Смотрел на Зою. Лицо ее было таким, каким он представлял свое лицо часто. Любовно к ней и искренно наклонился.

- А то свое вы и забыли.

- Да, забыла. А, может, и не забыла. Вам-то к чему?

- К тому, что одно это. Одно. И это ваше горе, и то. От одного все это. От одного свойства души. И не привык я в этих делах быть старшим. А вы как бы просите: будь! будь! А потому - прощайте! Нет, не потому: мне в десять надо дома быть. Прощайте. И позвольте к вам зайти когда-нибудь. К вам зайти захочется. Знаю.

Прощался. Улыбка загадочная на чуть знакомом лице. Думал: нужно понять. И забыл, слыша:

- Я с вами по коридору. Задвижка там.

Шли по коридору. Молчали. Вышел на лестницу. Зоя, заперев дверь цепочкой, сказала-прокричала ему, там стоящему:

- Юлии Львовне от вас кланяться? Завтра увижу.
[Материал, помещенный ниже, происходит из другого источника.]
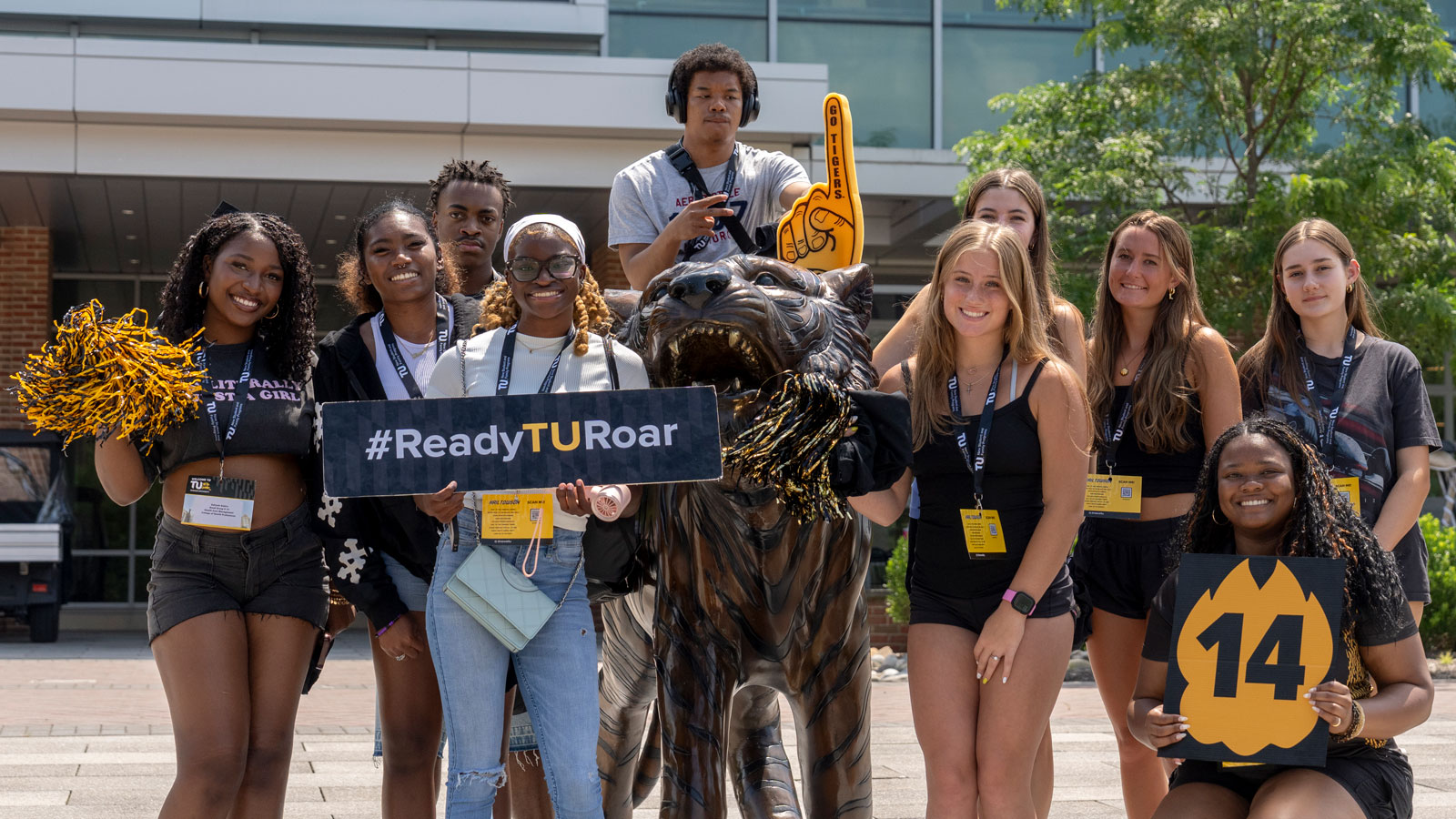 First Year Experience Student Leader poses with her orientation group in front of the Union tiger statue on campus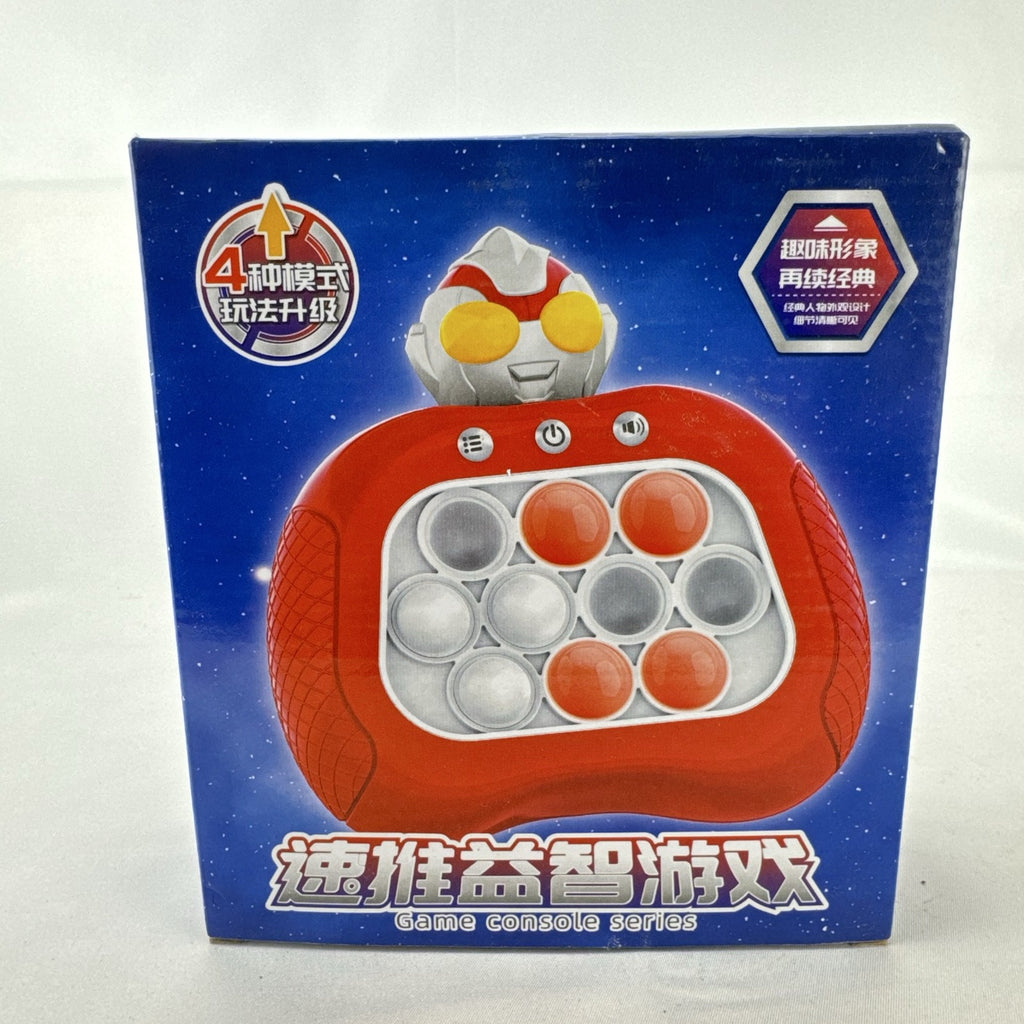 Red Ultraman quick push handheld electronic game console with light-up buttons in original packaging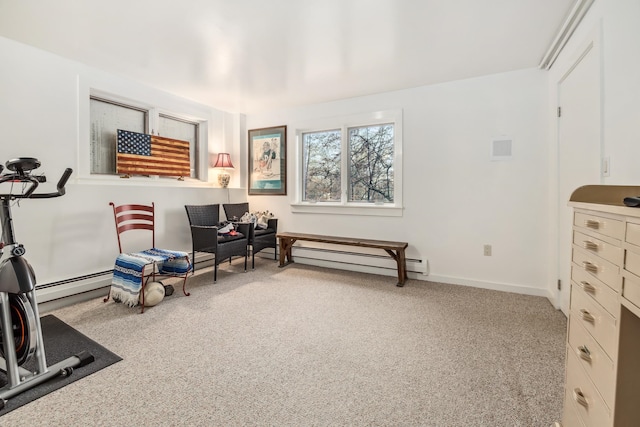 living area with light colored carpet and baseboard heating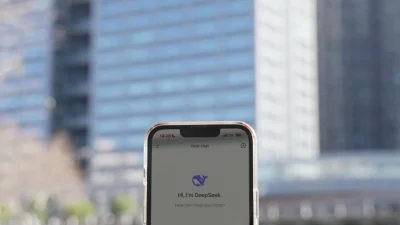 Приложение DeepSeek на мобильном телефоне перед зданием, в котором находится штаб-квартира китайского стартапа DeepSeek в Ханчжоу, провинция Чжэцзян, на востоке Китая 28 января 2025 года. (Agatha Cantrill/AFP via Getty Images)
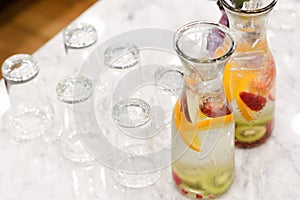 Infused detox water . Fruit infused flavored water, orange slice and kiwi slice in glass jar with glass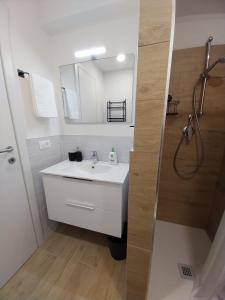 a white bathroom with a sink and a shower at Finestre sul mare in Framura +19 photos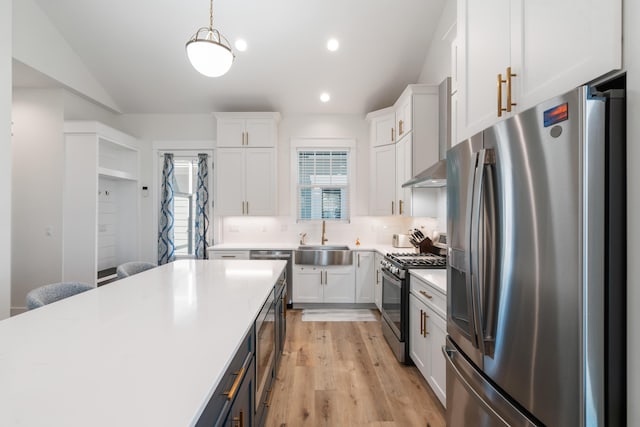 kitchen featuring a sink, white cabinets, appliances with stainless steel finishes, wall chimney exhaust hood, and backsplash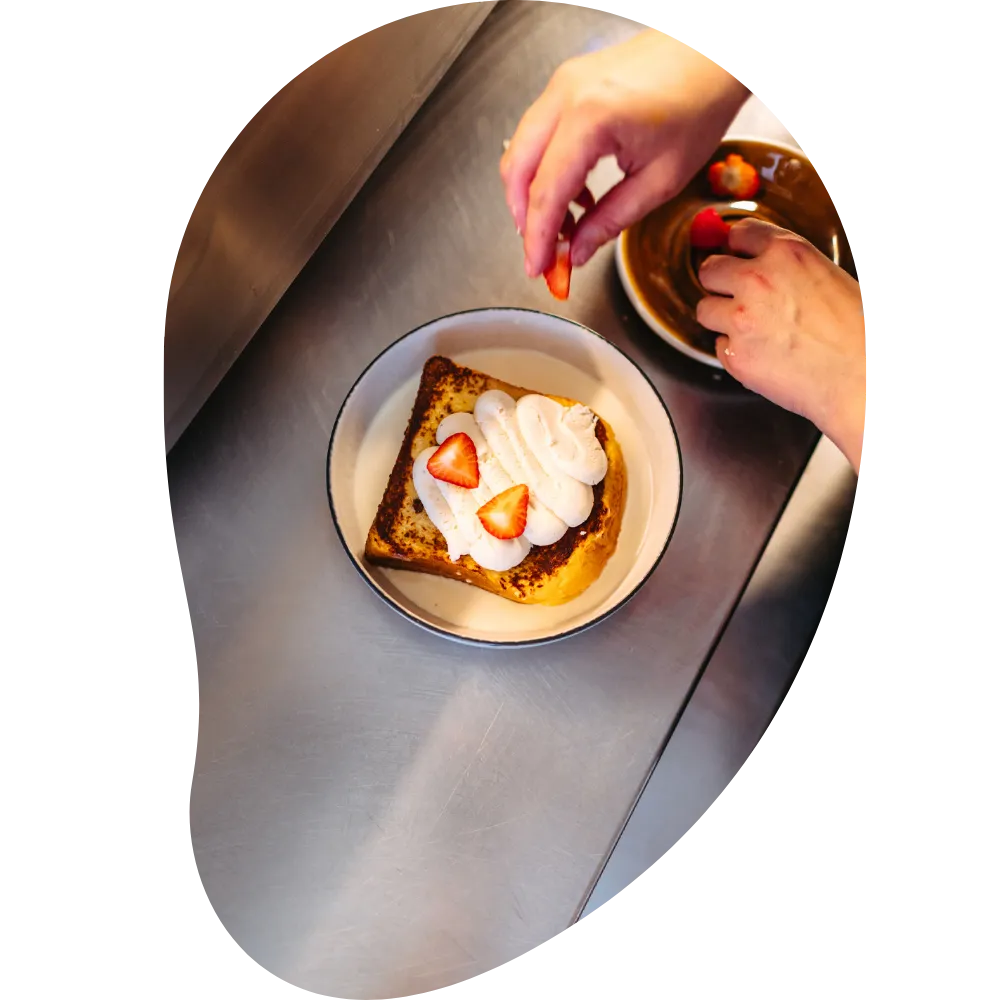A dish with straberies and cream being prepared in the kitchen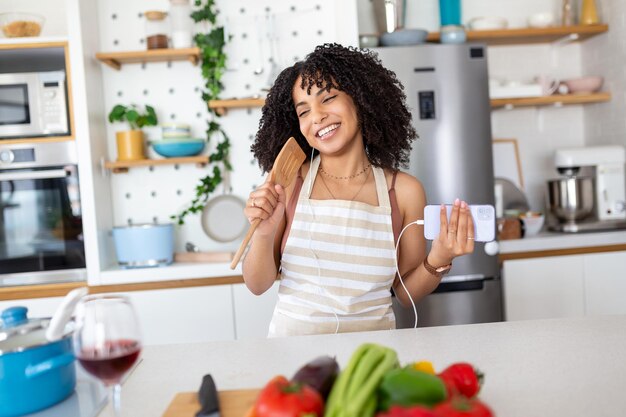 Adorable cheerful beautiful woman singing dancing with spoon and pan cover in modern light white kitchen cooking homemade breakfast dish with domestic products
Раньше, чем грохнула дверь, услышал веселый смех. И потом ничего. Спускался по каменной лестнице. Вылез кашляющий швейцар.

На мосту подумал-шептал:

- Странная... Но я ведь сам навязался... Хорошая, должно быть. А Юлия - это не хорошо. Не надо. Подруги, наверно.

За мостом подрядил извозчика.

- Ну, что же. Вот и радость жизни. Радость жизни, радость жизни.

И повторял так. И проехали длинный путь.

Только пришел и лампу засветил, заслышал стук.

- Войдите.

- Это так, но почему вас нет?

- Вот я.

- Сейчас вот вы, а... Часы есть?

- Вот часы. А что?

- Двадцать минут? Двадцать минут. А для нашего брата это не двадцать минут, а, может, год крепости... Нет, что год? Не время только... У нас ведь не только: время - деньги. Ваша эта дуреха в комнату не пускала. По тротуару прохаживаться не больно ладно. Где у вас спят? Мне утром надо.

- Вот.

- За подушку спасибо. А больше не надо. Пальто вот.

К столу подошел Виктор. Сел. Чтоб думать о большом, о своем. Увидел телеграмму. Обрадовался. Будто был он шахтер, заваленный землей, и увидел огонек. Город ли надоел? Люди ли? Безлюдье ли?

В телеграмме было:

«Семен скончался. Приезжай. Необходимо увидеться. Ответь. Брат».

- А, так у вас там...

И Виктор разделся и лег.

Не спалось. Тяжелое дыхание каменным сном спящего Николая. Вспоминался голос нежданной Зои, истеричный и родной как бы голос.

Встал. Полуодетый писал Дорочке письмо.